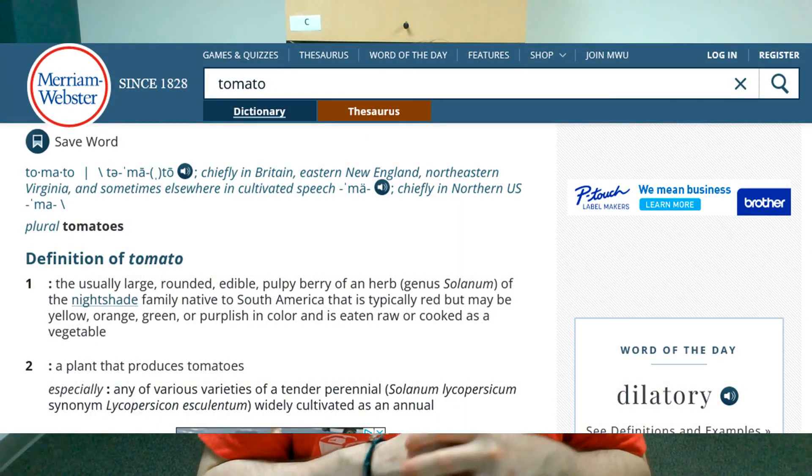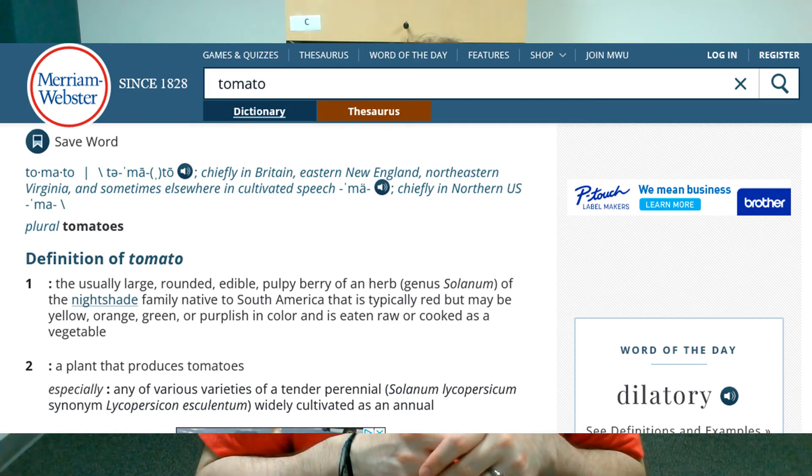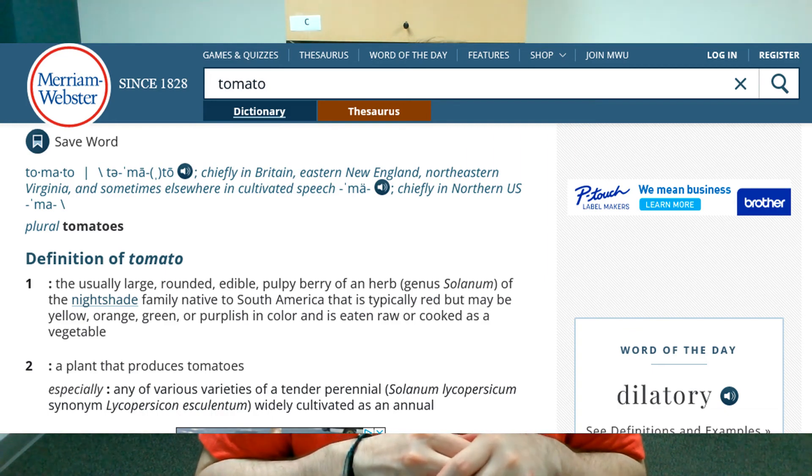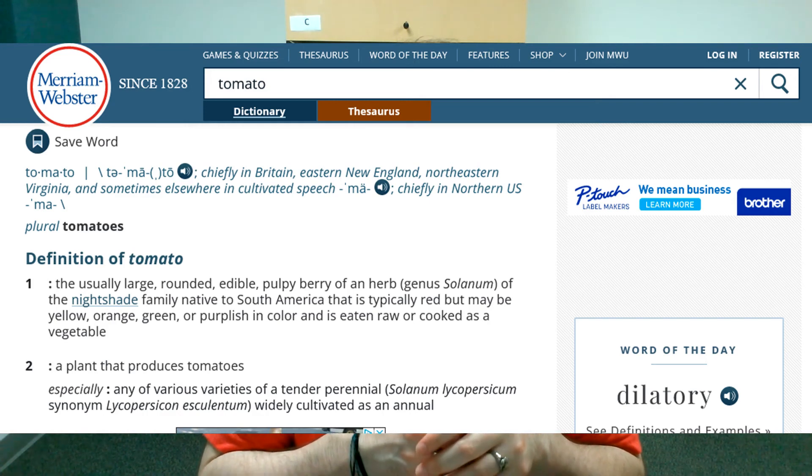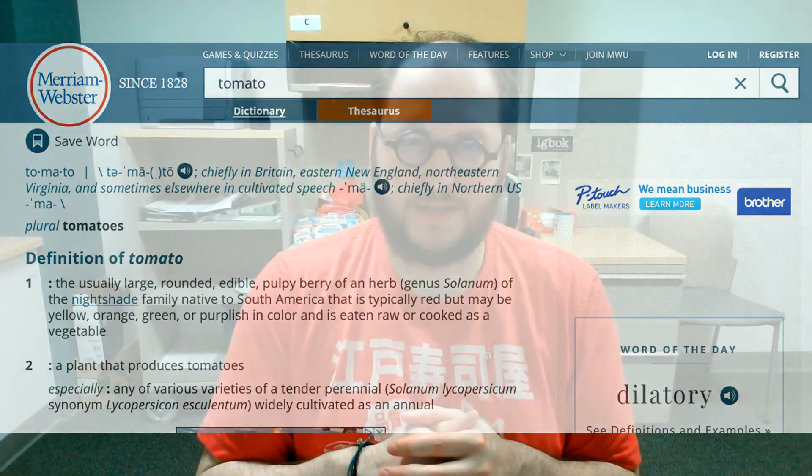So let's imagine your instructor has given you the assignment to write a three to four page definition essay. You choose arbitrarily the word tomato. Chances are, if you're a typical student, you go to Merriam-Webster's dictionary and look up the word tomato. On the page, you write: Merriam-Webster's dictionary defines tomato as the usually large rounded edible pulpy berry of an herb genus solanum of the nightshade family native to South America, that is typically red, but maybe yellow, orange, green, or purplish in color, and is eaten raw or cooked as a vegetable — or a plant that produces tomatoes. Great, you've defined it! The problem is, if this is a three to four page essay assignment, you've still got about three to four pages to actually write. So what are you going to say? This is where you've run into a problem with your definition essay.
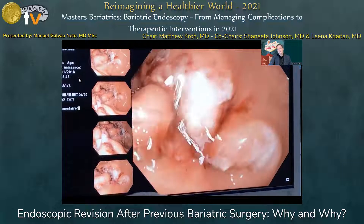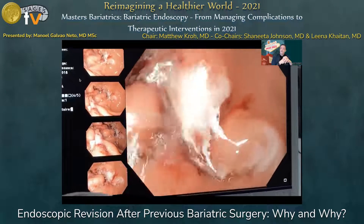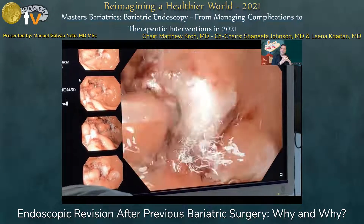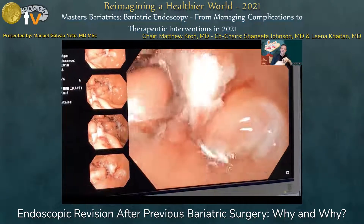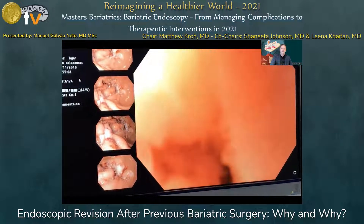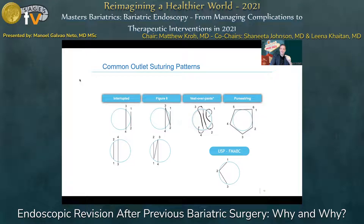We can see here that we can remodel at will. We have data suggesting we need to go beyond 10 millimeters, as you can see in the images following the remodeling. We have quite a few suture patterns available. There is not hard evidence, but some evidence that the purse-string pattern may have more durability — though this still needs to be proved.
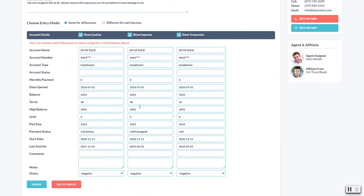If it was brought over accidentally as a negative item, but maybe it's positive, you could always change the status or just delete the dispute entirely.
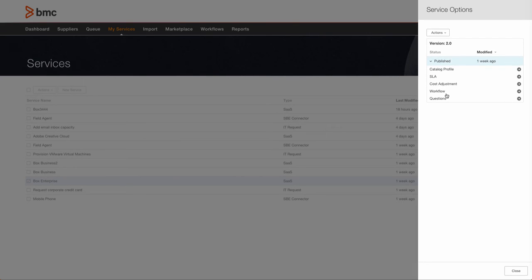The workflow designer and questions allow you to enhance a service request by providing the ability to capture end-user information or other data necessary to streamline the provisioning of a service, as well as provide workflow that can accommodate approvals, sub-processes, or other tasks.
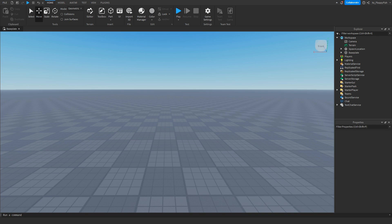Yo, what's up guys? Welcome back to a brand new Roblox Studio video. My name is Floppy and today I'm going to be showing you how to make an E to open a GUI.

WHAT IS NEEDED => Once the line with "We can see here" is found in the data above, reproduce it and each line after it exactly, through the line with "The workflow designer". Omit the pictures.

OUTPUT OF THE EXERCISE =>
We can see here that we can remodel at will. We have data suggesting we need to go beyond 10 millimeters, as you can see in the images following the remodeling. We have quite a few suture patterns available. There is not hard evidence, but some evidence that the purse-string pattern may have more durability — though this still needs to be proved.
If it was brought over accidentally as a negative item, but maybe it's positive, you could always change the status or just delete the dispute entirely.
The workflow designer and questions allow you to enhance a service request by providing the ability to capture end-user information or other data necessary to streamline the provisioning of a service, as well as provide workflow that can accommodate approvals, sub-processes, or other tasks.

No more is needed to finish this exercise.